--- TASK DESCRIPTION ---
In the material below, the lines between the one holding "Buycenter Men's Denim" and the one holding "Croc Block Heel", inclusive, are to be set down word for word. Pictures stay out.

--- EXERCISE DATA ---
<<<<
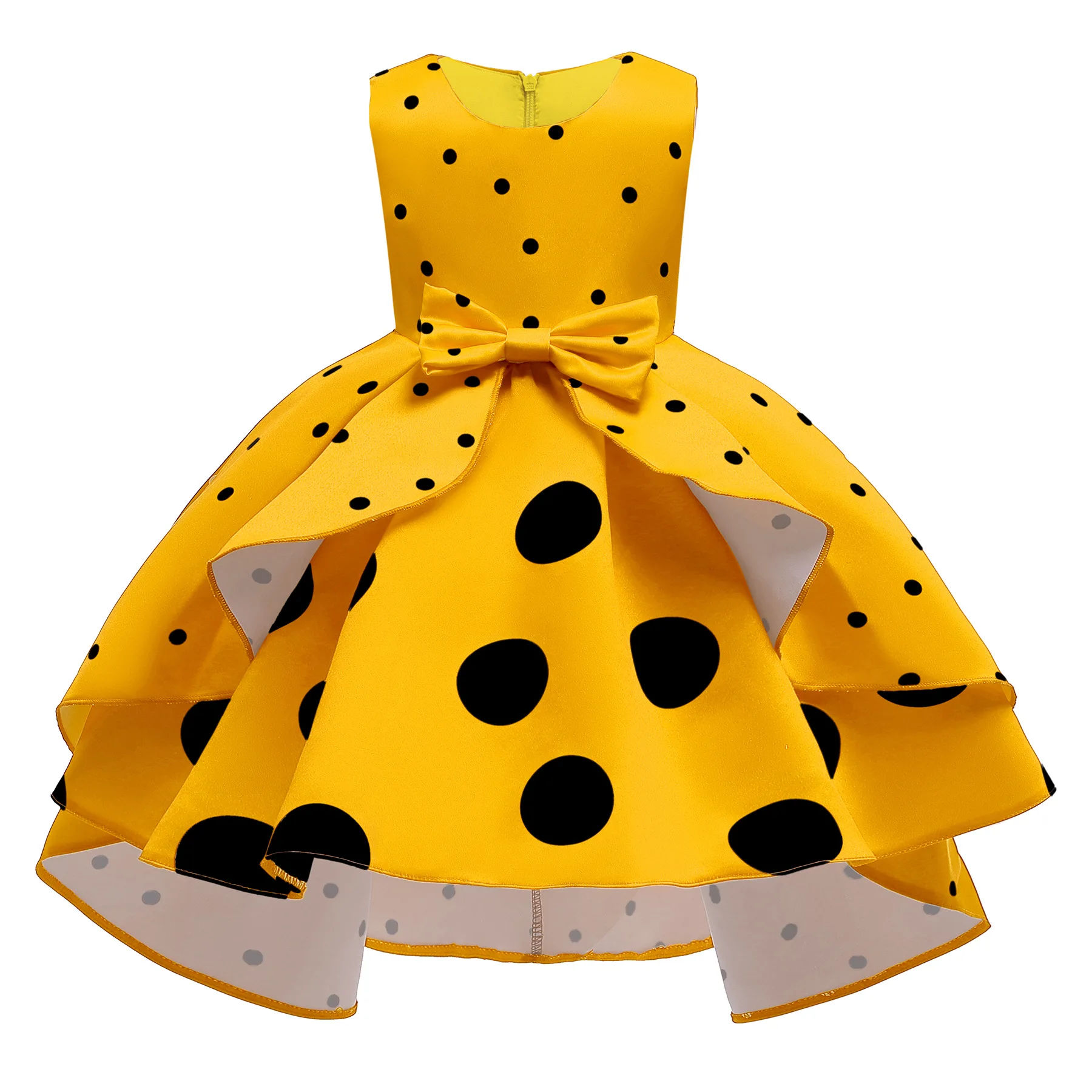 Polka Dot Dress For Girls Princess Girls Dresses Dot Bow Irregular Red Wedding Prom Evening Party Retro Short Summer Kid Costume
>>>>
<<<<
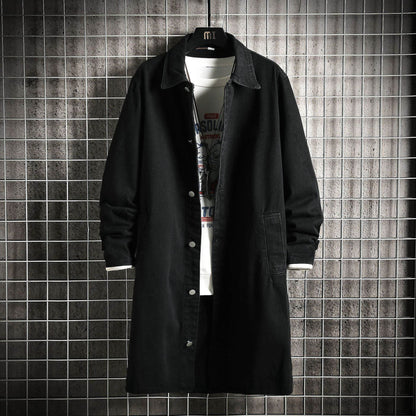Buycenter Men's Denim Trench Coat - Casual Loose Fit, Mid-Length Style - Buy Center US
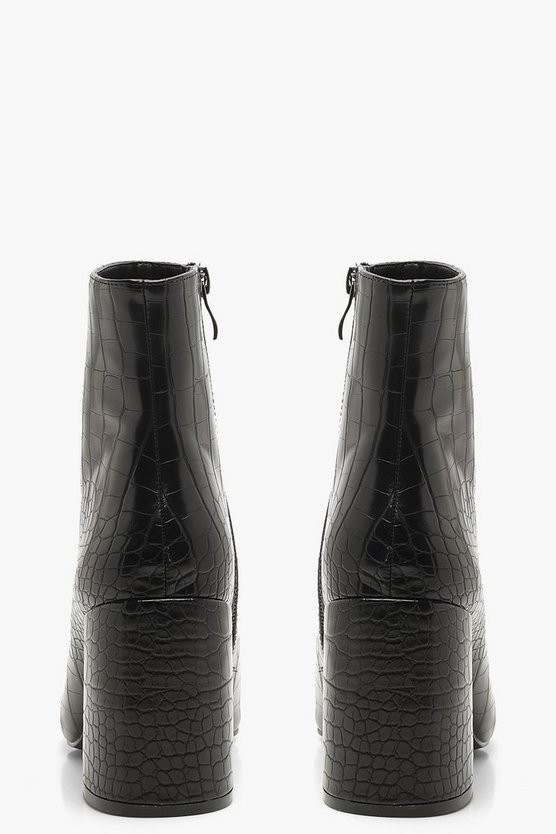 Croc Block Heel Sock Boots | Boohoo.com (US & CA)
>>>>
--- ANSWER SPACE ---
Buycenter Men's Denim Trench Coat - Casual Loose Fit, Mid-Length Style - Buy Center US
 Croc Block Heel Sock Boots | Boohoo.com (US & CA)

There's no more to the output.